* REQUIRED ACTION:
For the data below, transcribe the part that opens with the line containing "Wrangler Retro Women's" and closes with the line containing "Logo for Space", exactly and with no pictures.

* DATA SUPPLIED:
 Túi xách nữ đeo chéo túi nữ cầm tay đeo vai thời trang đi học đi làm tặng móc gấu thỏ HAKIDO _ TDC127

* * *

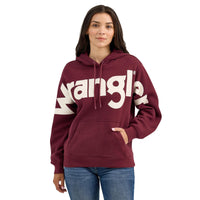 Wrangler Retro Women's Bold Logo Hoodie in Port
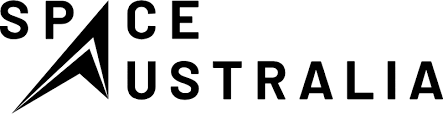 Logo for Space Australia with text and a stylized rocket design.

==

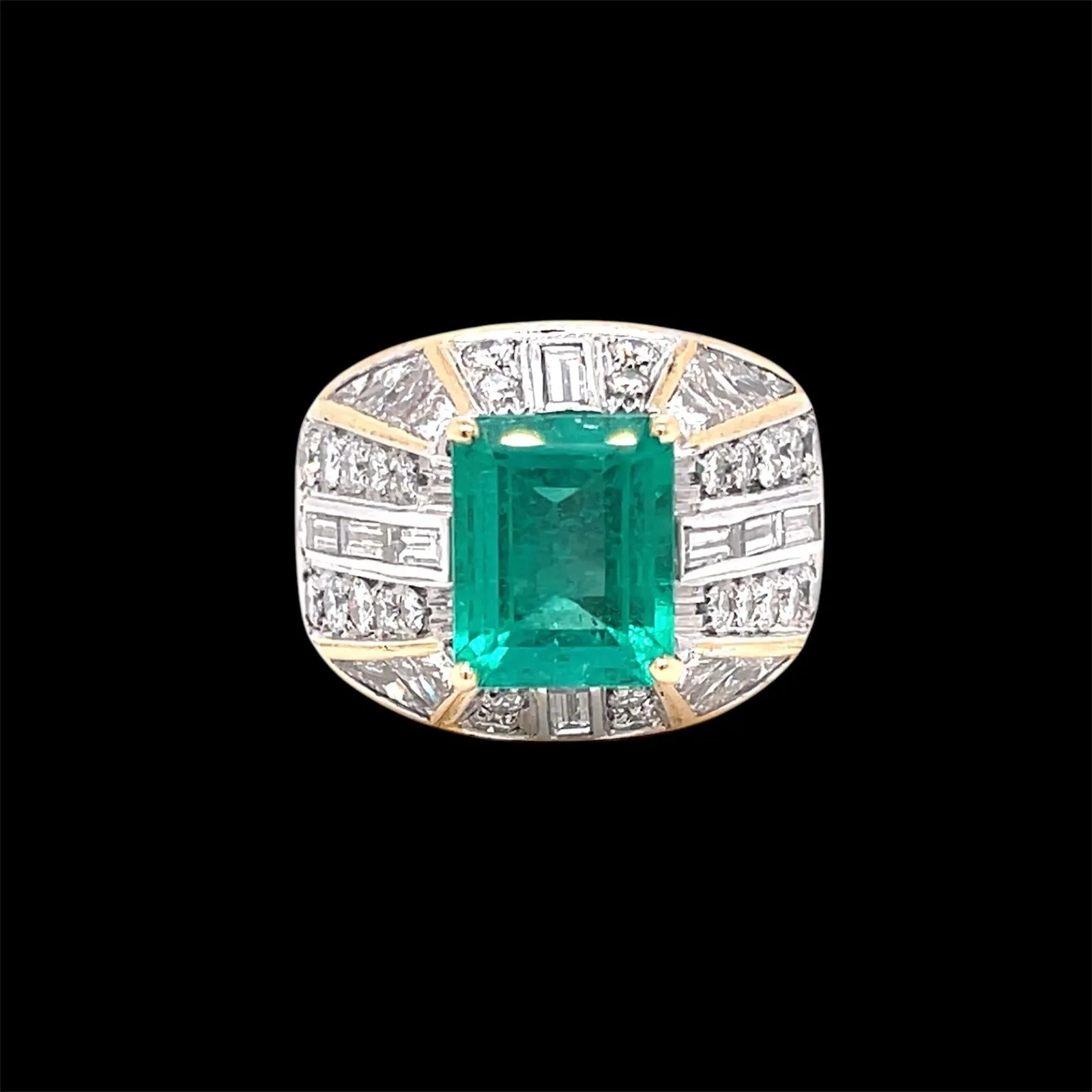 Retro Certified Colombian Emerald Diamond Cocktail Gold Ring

* SOLVED EXERCISE:
 Wrangler Retro Women's Bold Logo Hoodie in Port
 Logo for Space Australia with text and a stylized rocket design.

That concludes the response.